Like an early version of Instagram, from the 16th century onwards the still life genre has captured staged collections of objects to reveal intimate details about our social standing—from the possessions we covet to the food we eat.
“Using Virginia Woolf’s seminal 1929 essay, A Room of One’s Own, as a subtle framework, Hobart’s Bett Gallery has brought together 16 contemporary women artists to explore the space still life currently occupies.”
As historical women artists became increasingly visible in the public realm, practitioners like the 19th-century French painter Berthe Morisot used the still life format to illustrate the nuances of daily life, particularly within the private domestic sphere. This was the realm of women and children: the objects Morisot chose to depict visually symbolised aspects of a woman’s life at the time.
In 2023, still life still endures. Using Virginia Woolf’s seminal 1929 essay, A Room of One’s Own, as a subtle framework, Hobart’s Bett Gallery has brought together 16 contemporary women artists to explore the space still life currently occupies. But is it the domestic realm, or something more? With the genre continuing to represent objects of personal significance, the exhibition considers what still life looks like for women artists today, and how it reflects contemporary experience.
For New South Wales-based painter Kiata Mason, still life is a record of daily encounters with the people she invites into her home. The table is a common feature in her paintings, and it frames the conversations she has with friends when they come together and share food. In Tablescape, 2023, each object—cheese plates, fruit, books, deer antlers—holds meaning and is connected to a personal story. “The objects are like portraits of people, their ideas and the conversations we’ve had,” says Mason. “Flowers will be from my garden and the food will be things I’ve either grown or people have brought to me. It’s a universal thing to want to depict what’s around you, what makes sense to you and what’s meaningful.”
“Hobart-based artist Nicole O’Loughlin believes still life goes beyond the domestic sphere. Using the traditional craft of embroidery to tell a contemporary story, O’Loughlin’s work speaks to changing gender roles, family, and the legacy of women artists.”

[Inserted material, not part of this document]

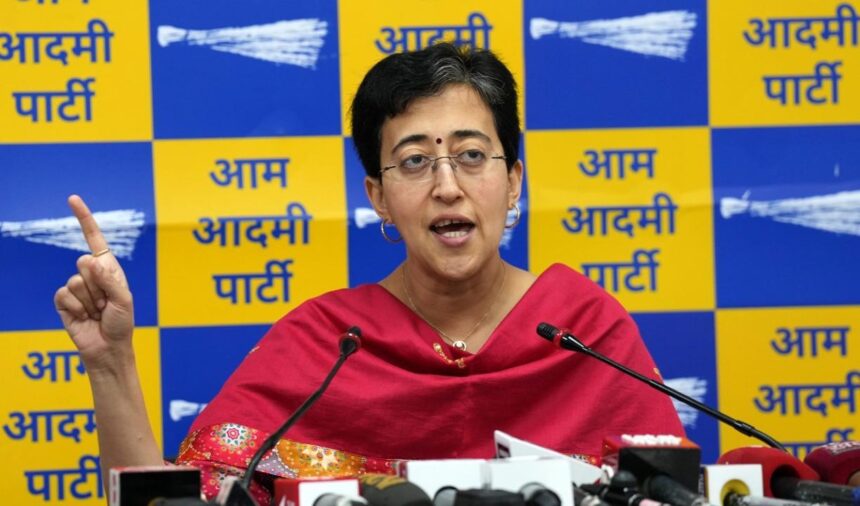 Arvind Kejriwal lost 4.5 kg since arrest, BJP putting his health at risk: Atishi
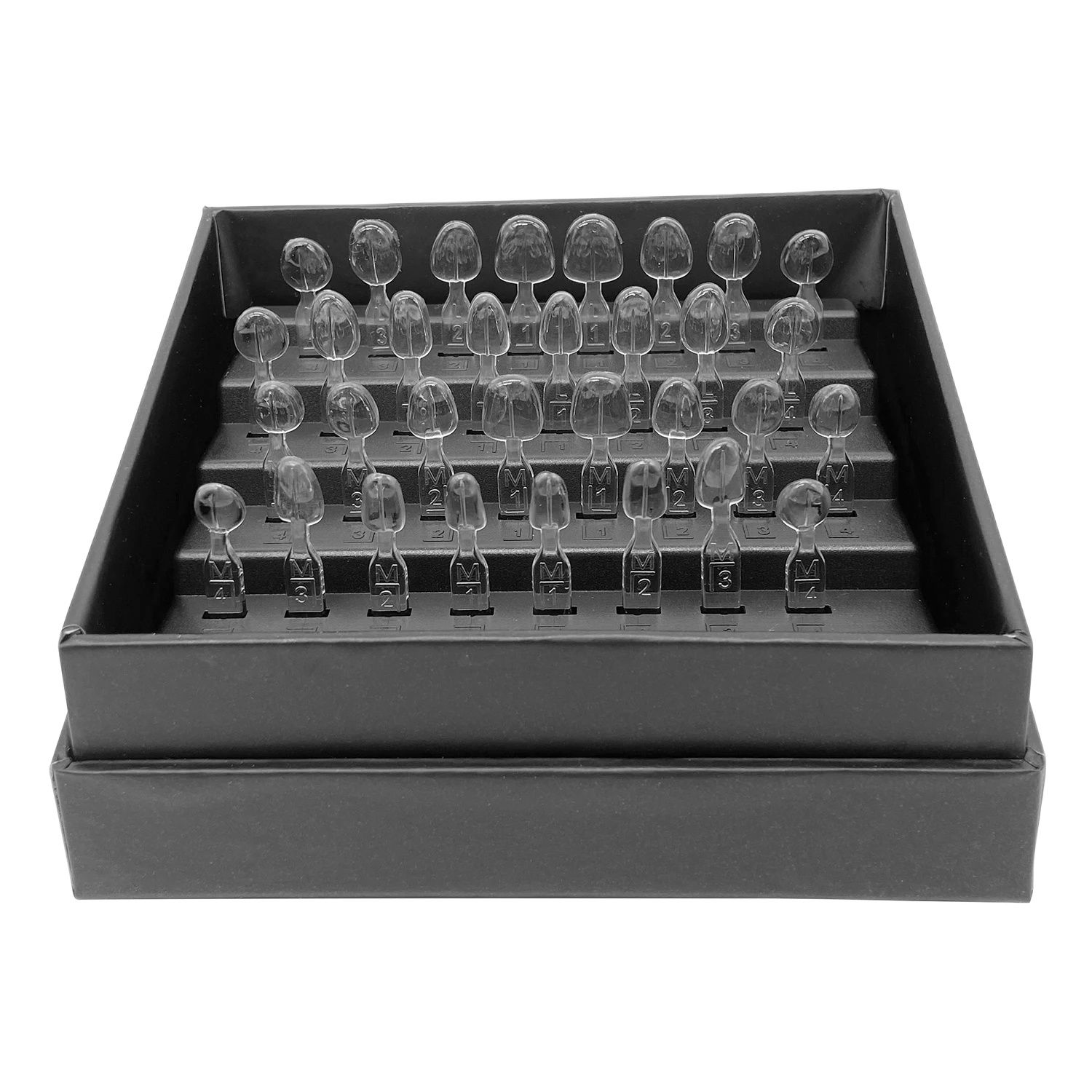Teeth Whitening Moulds - Kit de moules pour placage dentaire,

In contrast to the quiet stillness of Morisot’s domestic scenes that spoke of women’s confinement in the home, Mason views her still life scenes as representative of community and the mingling of stories. Her space is her own and she is fortified by her experiences within it. “Historically women were looking after the house, but I don’t see my house as a place I have to upkeep. It’s not a burden to me, it’s a place of freedom.”
Hobart-based artist Nicole O’Loughlin believes still life goes beyond the domestic sphere. Using the traditional craft of embroidery to tell a contemporary story, O’Loughlin’s work speaks to changing gender roles, family, and the legacy of women artists. In her version of still life, O’Loughlin has embroidered a series of meaningful objects from her immediate environment (a home studio) onto square patterned canvas. In The Balance, 2023, a full rack of dishes waiting to be put away is placed alongside a book, a vase of flowers and pink rubber gloves. Another work, Studio Still Life, 2023, has been embroidered with a sewing box stacked on books about women artists, a portrait O’Loughlin’s son drew, and a bullseye pin cushion with the word patriarchy sewn into it (a reactive gesture made soon after the election of Donald Trump).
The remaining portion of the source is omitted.